By REN ZHIYU / 03-30-2023 / Chinese Social Sciences Today

FILE PHOTO: A painted ceramic bowl of the Miaodigou cultural period

Painted ceramics of the Yangshao culture were first discovered by the Swedish geologist Johan Gunnar Andersson in Yangshao Village, Henan Province, in 1921. Andersson failed to identify the origins of the Yangshao culture due to the prevailing influence of Eurocentrism at that time and the lack of archaeological knowledge: he proposed that the Yangshao culture was introduced from Central Asia. In order to verify his hypothesis, Andersson began to conduct investigations in Gansu, Qinghai and other places. He claimed that there existed no painted pottery dated earlier than the Yangshao ceramics in China, while many prehistoric painted ceramics had been unearthed in Europe and Central Asia at that time.

Since the Yangshao site was the oldest archeological site discovered in China at that time, it became an important task for archaeologists to understand its origins and evolution.

Between 1944 and 1945, renowned Chinese archaeologist Xia Nai discovered that the Qijia culture (about 4000-3900 years ago) appeared later than the Yangshao culture when excavating the Qijiaping site in Gansu, a site previously excavated by Andersson. Archaeological stratigraphic evidence completely overturned Andersson’s view that the prehistoric culture in Qinghai and Gansu was earlier than the Yangshao culture in the Central Plain. In the 1970s, carbon-14 dating of specimens obtained from the Lijiacun site in Shaanxi showed that the site was over 7000 years old, older than the Yangshao culture. Archaeologists finally found cultural relics earlier than the Yangshao culture in China.
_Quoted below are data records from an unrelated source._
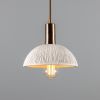 Kauri Organic Ceramic Dome Pendant Light 7.9", Matte White Striped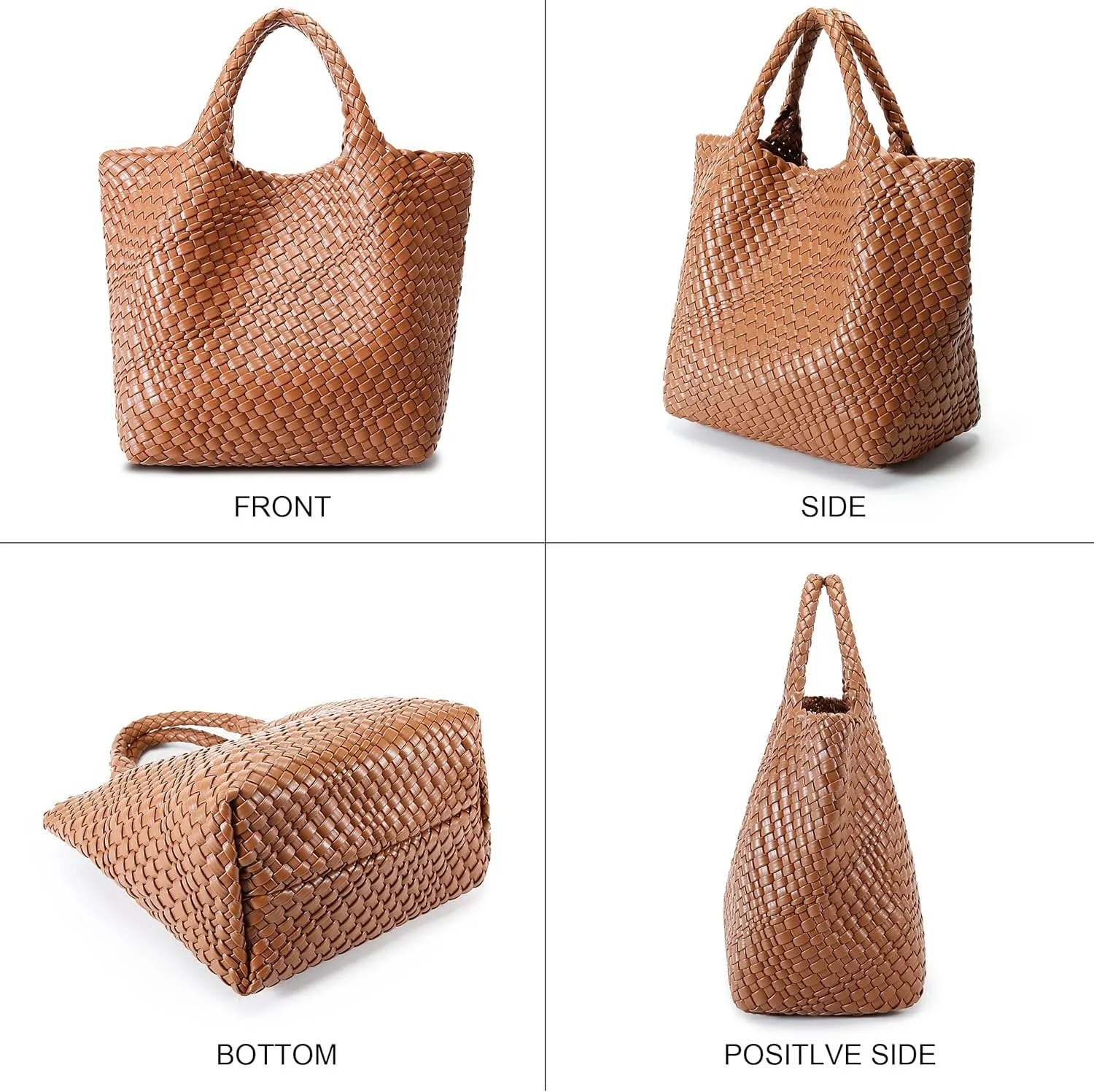Woven Bag for Women, Vegan Leather Tote Bag Large Summer Beach Travel Handbag and Purse Retro Handmade Shoulder Bag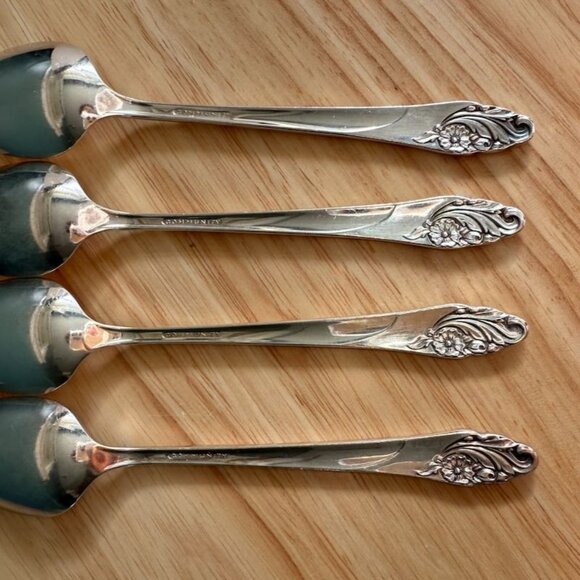 Oneida Community Silverplate Teaspoons Set Of 4 Floral Pattern 6-1/4" 1950s - Picture 6 of 8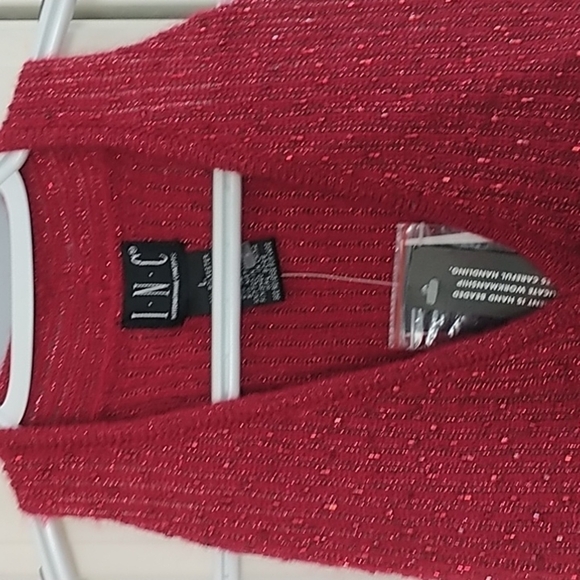 INC Beaded V Neck Dressy Top L - Picture 4 of 12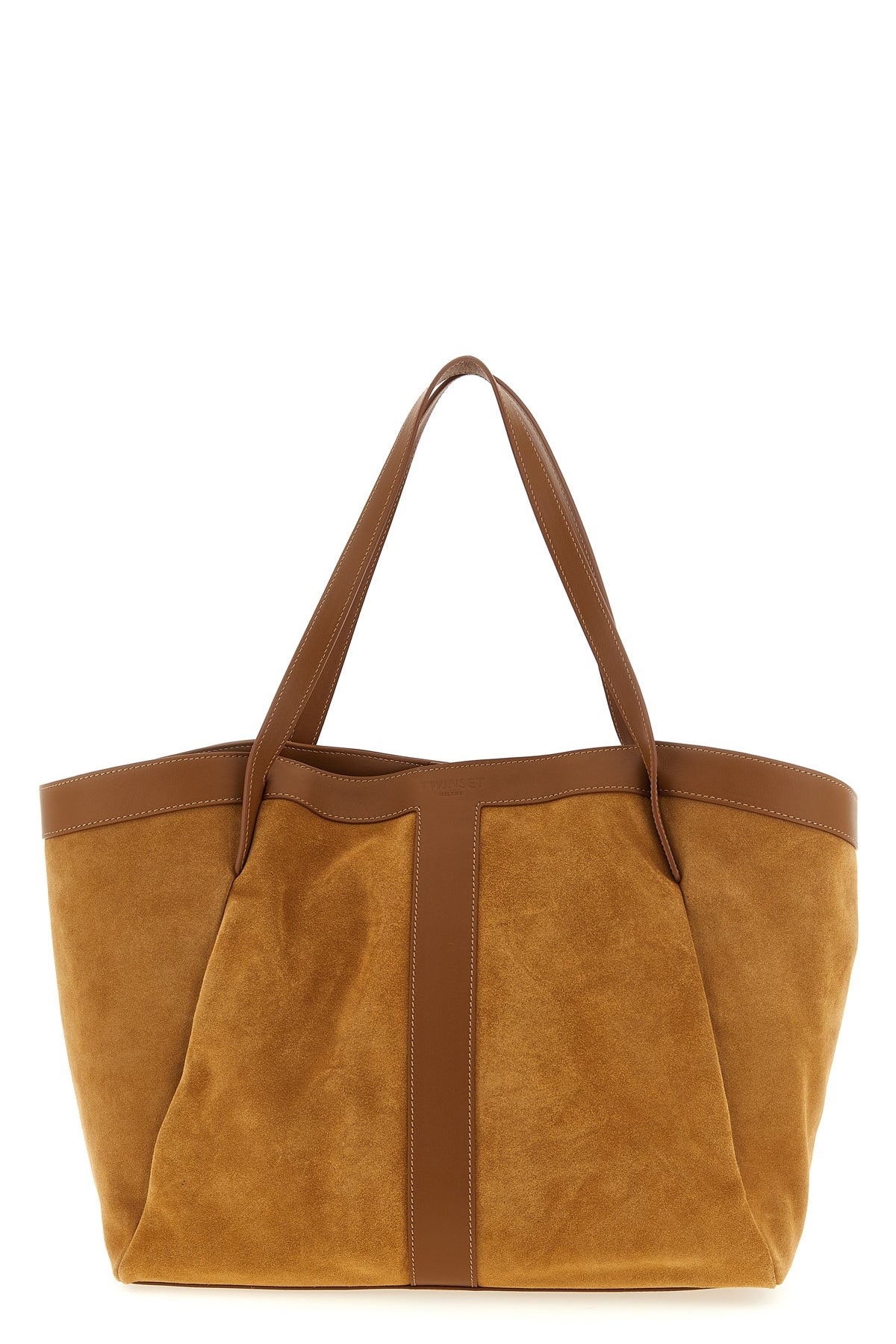 tone-on-tone suede and smooth leather shopping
Later, archaeologists successively discovered the remains of the Peiligang-Cishan culture and the Laoguantai culture, all dating to more than 8000 years ago, far earlier than the remains of the Yangshao culture. Among them, Laoguantai culture presents the closest relationship with Yangshao culture, and has been regarded as its direct source. In particular, the painted pottery of the Laoguantai culture not only reveals the origin of the painted pottery of the Yangshao culture, but also shaped the style of the later Chinese painted pottery, using red as its primary color.